Существенное значение в концепции Остина имеет трактовка права в строгом смысле слова. Право в строгом смысле устанавливается для разумных существ другим разумным существом или существами — таковы законы, установленные богом (божеское право), и законы, установленные людьми. Но среди второй категории не все можно безоговорочно отнести к праву в строгом смысле (позитивному праву), например правила, установленные лицами и учреждениями, не являющимися суверенами. К этому же разряду Остин относит правила, установленные общественным мнением (к их числу он относит и нормы международного права), а также правила моды, правила этикета и законы чести. Остин называл все эти разновидности нормативного регулирования термином «позитивная мораль». Таким образом, право в широком смысле включает в себя богооткровенное право, позитивное право и позитивную мораль. Между позитивным правом и моралью, а также религией существует не близость и не сходство, а противоречие. И это должен учитывать всякий законодатель. Противоречие с моралью не лишает право его качественных свойств, даже если оно подвергается критике с моральных позиций или испытывает ограничительное воздействие со стороны последней.
Наиболее характерным для позиции Остина в этом вопросе было то, что он резко и твердо разводил право и мораль; вопрос о морально должном, о приведении сущего в соответствие с этим долженствованием Остином полностью не снимается, но только выносится за рамки практической юриспруденции. Таким образом, право обособляется от морали ради того, чтобы предметом юриспруденции было исключительно позитивное право — вне всякой зависимости от того, хорошее это право или плохое, несовершенное. Оценки этого рода, по мнению Остина, удел этики или законоведения, но отнюдь не правоведения.
Естественно, что в своем обсуждении предмета юриспруденции и сферы права Остин не мог не коснуться вопроса о правотворческой роли судей и суда. Он склонялся к тому, что и решения суда следует воспринимать как часть права в том случае, когда они признаются в качестве таковых сувереном (т. е. судебные решения становятся прецедентным правом как бы с молчаливого согласия суверена).
Связав природу права с приказом (волей) фактически правящей в обществе группы лиц или одного правителя, Остин тем самым легитимировал правотворчество любой власти («кому подчиняются, тот и суверен»). Б XX в. такой подход был использован самыми недемократическими, антиправовыми и негуманными политическими режимами, правда, за пределами Англии.
Международное право, как известно, нельзя рассматривать как команду суверена, снабженную санкцией.

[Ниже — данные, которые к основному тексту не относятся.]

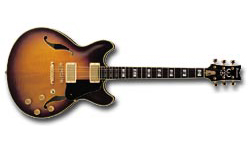 Ibanez John Scofield Jsm100 Vt Prestige Japon Signature Hh Ht Eb - Vintage Sunburst Vt - Semi hollow elektriche gitaar - Variation 1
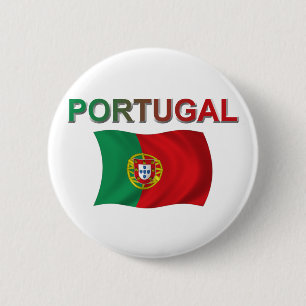 Bóton Redondo 5.08cm Bandeira de Portugal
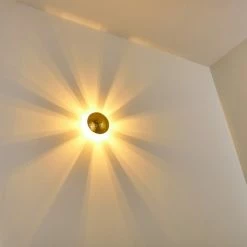 Hofstein Mezia Wandleuchte Gold, 1-flammig -Wandleuchten Verkaufsgeschäft mezia wandleuchte h3080696 16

На этом основании Остин относил его к разряду не позитивного права, а к области «позитивной международной нравственности», правила которой распространены среди цивилизованных наций, хотя при этом у каждой из них свои собственные туманные представления относительно того, какими должны быть понятия этой международной нравственности
Со временем взгляды Остина на природу права и его взаимосвязи с другими областями жизни, судя по всему, изменились, и он неоднократно объявлял о своем желании написать новый труд о предмете юриспруденции уже под названием «Принципы и отношения юриспруденции и этики». Вслед за некоторыми социально ориентированными позитивистами, последователями А. Сен-Симона и О. Конта, он высказывал свои предпочтения в пользу правления элиты знания. Вероятная трудность, с которой он столкнулся, была связана с его обособлением права от морали, что влекло за собой и обособление «сознания свободы» от позитивного права. В результате, как отмечает исследователь его творчества У. Моррис, «праву так просто стало оставаться одному с имиджем собственной (чистой) позитивности». А в этой ситуации творцу права (т. е. суверену государственной власти) уже ничего не остается, кроме как безотчетно следовать мотиву, который Т. Гоббс приписывал Левиафану, — «заполучив власть, желать еще и еще, и так до самой смерти».